Let me tell you about my voting experience yesterday. Then you make the call.
There were no lines at my poling place, just as there were no lines the last time I voted.* As I walked in, a departing voter (we'll assume he voted; but maybe not) said something I didn't catch to one of the election judges (the only man, the rest were women), who responded to him in a gruff voice. One of the other judges quietly said to him, “You're being awfully strict.”
Before I could open my mouth in greeting, he pointed to a table and said. “Fill out one of those yellow cards. But before I'll let you do that, take this pen over there.” He pointed to a pen at his elbow. The other judges tittered a little. I picked up the pen and did as he asked. I brought my yellow card back over to him, along with my driver's license. He found my name in the list. I got ready to sign my name next to it.
But first, he had a problem with the address on my license. Fine; it's my old address, so I quickly produced my checkbook with my current address, just as I had the last time I voted here.
“Hmmm,” he said. “Well. The photo on the license dooooes look like you. But. I need to see your signature for comparison." (What does this have to do with my address? I wondered.)
I signed my name on a piece of paper, knowing what his reaction would be before the ink even dried.
“These signatures don't match,” he said, as if reading from a cue card.
“I promise you, it's me. Do you want to see my credit cards?”
“No. It does look like you on the driver's license. But.” He waited a full minute before delivering his verdict. I stood there turning redder and redder. Everyone in the room watched us.
“I'm going to let you vote provisionally.”

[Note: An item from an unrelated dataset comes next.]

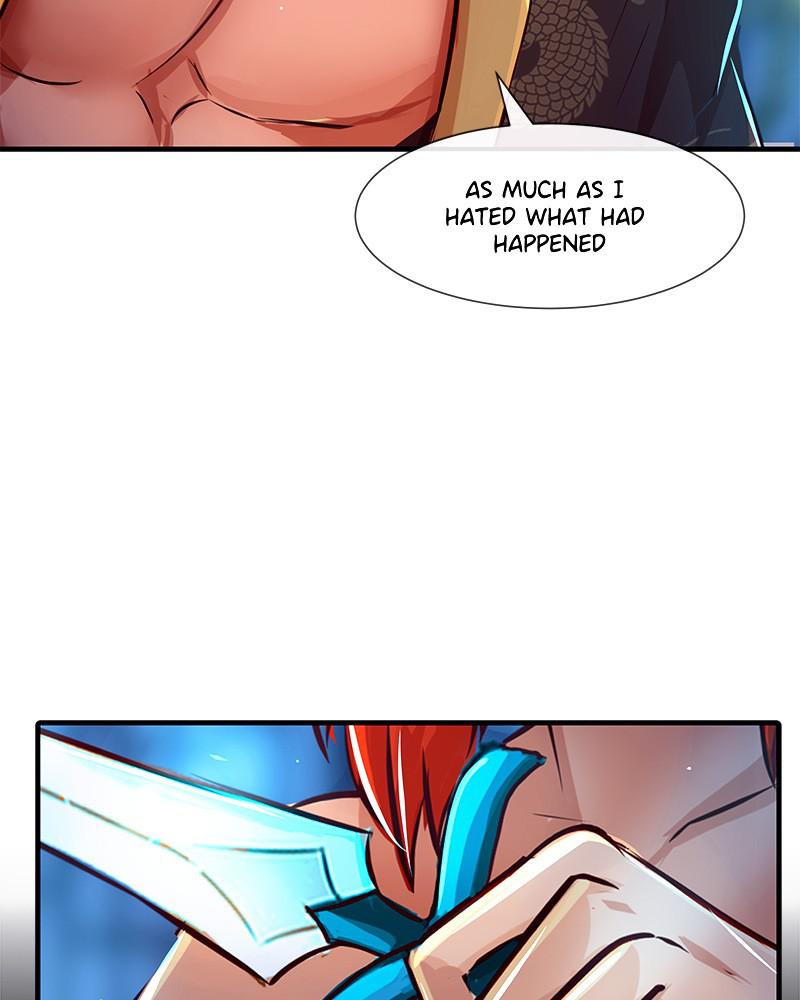 SubZero Chapter 133 15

“Yeah. Here's your ballot. Fill it out, fill out this envelope, and you vote will be counted later. If there aren't any problems.”
One of the other judges led me to a table out in the wide-open, and told me to fill everything out. Then she apologized. I got out my notes with my votes and filled in the ballot. Then I filled out the envelope with my personal information. Before I finished, before I could put the private ballot into the envelope and put away my notes, two of the judges approached the table and asked if I had finished. They were polite, but I believe my voting privacy had been compromised, as one of the women looked down at my notes before I had a chance to sweep the paper back into my purse.
Is this voter harassment? You make the call.
*I have a theory for why my particular, well-to-do poling place doesn't draw in the crowds, and I wonder if it has anything to do with the way I was treated. My area is a stronghold for one of the parties, and it is only the members of the other party and independents who bother to vote. Pure speculation on my part.